Unfortunately there isn't a big selection of tools to improve the compression of Deflate streams directly. However, there are a lot of nice tools for ZIP files. Ken Silverman's excellent KZIP comes to mind. It's based on the code of his PNGOUT utility, which tries really hard to squish as many bytes as possible out of PNG files.

There is also Ben Jos Walbeehm's DeflOpt utility. It optimizes Deflate streams inside of ZIP, PNG, or GZip files. However, it cannot optimize Deflate streams inside of SWF files (yet?).

That's why I went with ZIP files. It's a well-known format and there are plenty of tools available.

The ZIP file format

The ZIP file format is fortunately rather simple and reasonably well documented. The following diagram roughly illustrates the ZIP file layout:

ZIP file layout
Figure 2: ZIP file layout

At the very beginning is the ZIP header ("ZIP H"). Then the header of the first ZIP entry ("E1H") followed by its deflated data ("Deflate Stream"). If there are more than one file inside this ZIP another ZIP entry header ("E2H") follows and so on, but that isn't really of interest in this case since we'll only deal with a single file.

Re-compression of an SWF's main Deflate stream

An SWF may contain other bits of deflated data inside its primary/main Deflate stream, but we'll ignore this for now. So, as far as we're concerned there is only one Deflate stream.
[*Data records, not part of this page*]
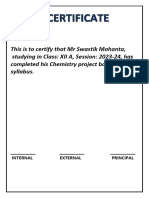 Swastik Mahanta Cert - Chem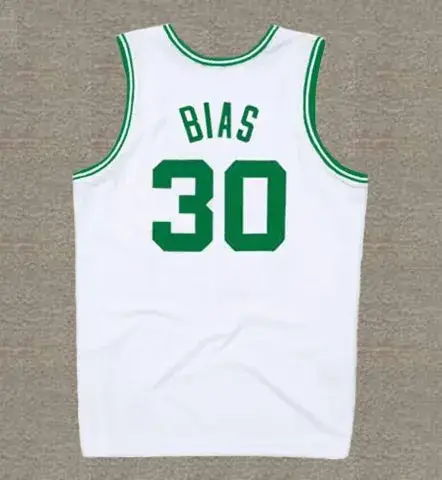 LEN BIAS Boston Celtics Home Throwback NBA Basketball Jersey 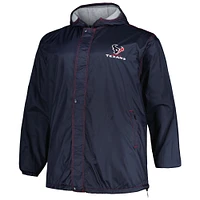 Men's Dunbrooke Navy Houston Texans Big & Tall Legacy Stadium Full-Zip Jacket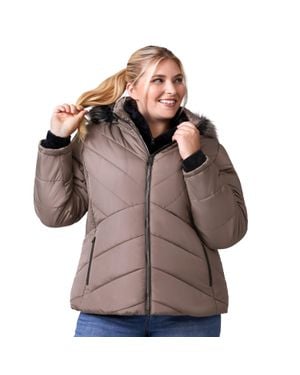 Free Country Plus Size Brisk Ii Parka Jacket - Brown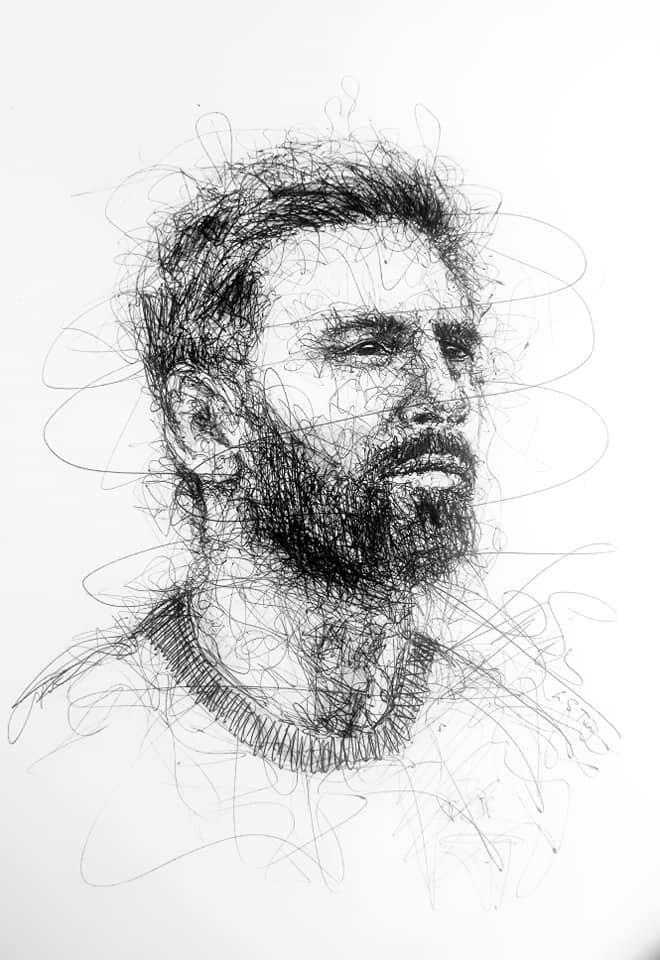 9X Đồng Nai có biệt tài vẽ tranh bằng các nét rối đẹp đến khó tin-13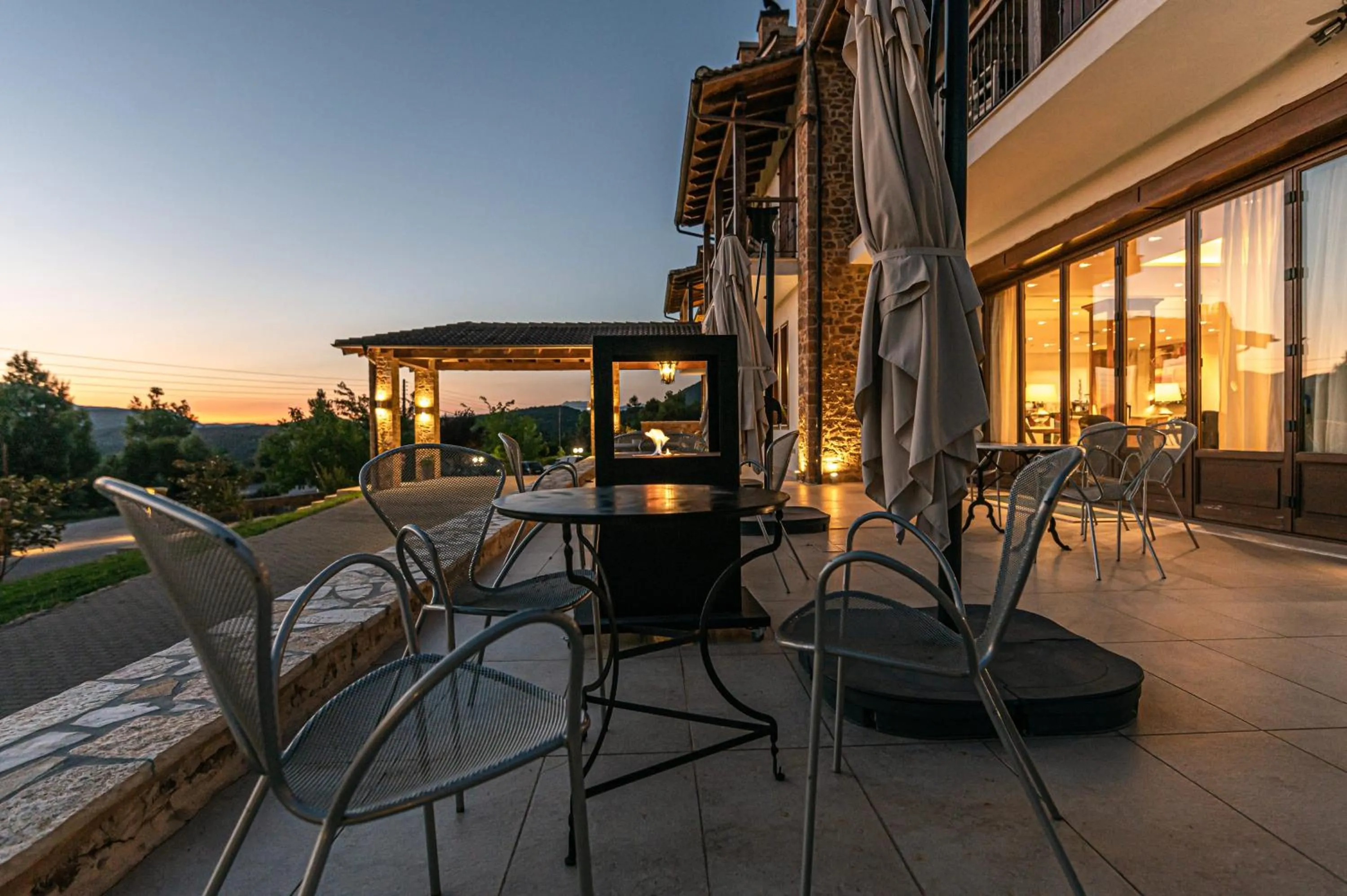 Balcony/Terrace in Nymfasia Resort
Re-compressing it as efficient as possible requires a few steps:

  1. Extract the SWF's data and uncompress it.
  2. Put it into a ZIP file with a ZIP utility with really good compression.
  3. Optimize the Deflate stream.
  4. Extract the ZIP's Deflate stream and inject it into a new SWF file.

Of course you can try harder by using different ZIP utilities and/or different switches, then optimizing all these Deflate streams, and using the best compressed one for the final step. (That's basically what excessive.bat does.)

Results

File Old Size New Size Saved (bytes) Saved (%)
YouTube Player 78,202 75,942 2,260 2.89
FlowPlayer (LP) 123,333 119,944 3,389 2.75
Some random game 3,544,814 3,519,395 25,419 0.72

Try it yourself (at your own risk)

Download

swf_recompress.zip (5kb — source included)

Usage

There are two batch files: compress and excessive. The first batch will often already yield the optimal result. The second batch tries harder, but will be often unable to deliver a better result since KZIP with default block size usually yields the best result. Well, trying doesn't hurt.

compress.bat file.swf

Outputs: file_r.swf
Requires: KZIP, DeflOpt, and Java

excessive.bat file.swf

Outputs: file_r.swf
Requires: KZIP, DeflOpt, Java, ZIPMIX, and 7-Zip

Required tools

Closing words

The savings aren't that big yet, but the next step which involves inflation of everything will increase the percentage to about 4-7% by the looks of it. But I'm actually already pretty pleased with the results so far. For example those 2.89% peeled of the YouTube player could have saved Google millions of dollars. As unbelievable as this sounds this isn't an exaggeration.

Comments

Caching

Surely google's swf file for its youtube is cached by the browser? I know they get millions of hits but each visitor only needs to download the swf file once. The videos themselves are streamed directly and they would surely take much more bandwidth than the player...

-spuz

re: Caching

Client-sided caching actually helps a lot less than many people think. Nowadays the cache is usually quickly overwritten (often within a day or two). See It's Time to Rethink the Default Cache Size of Web Browsers for some details.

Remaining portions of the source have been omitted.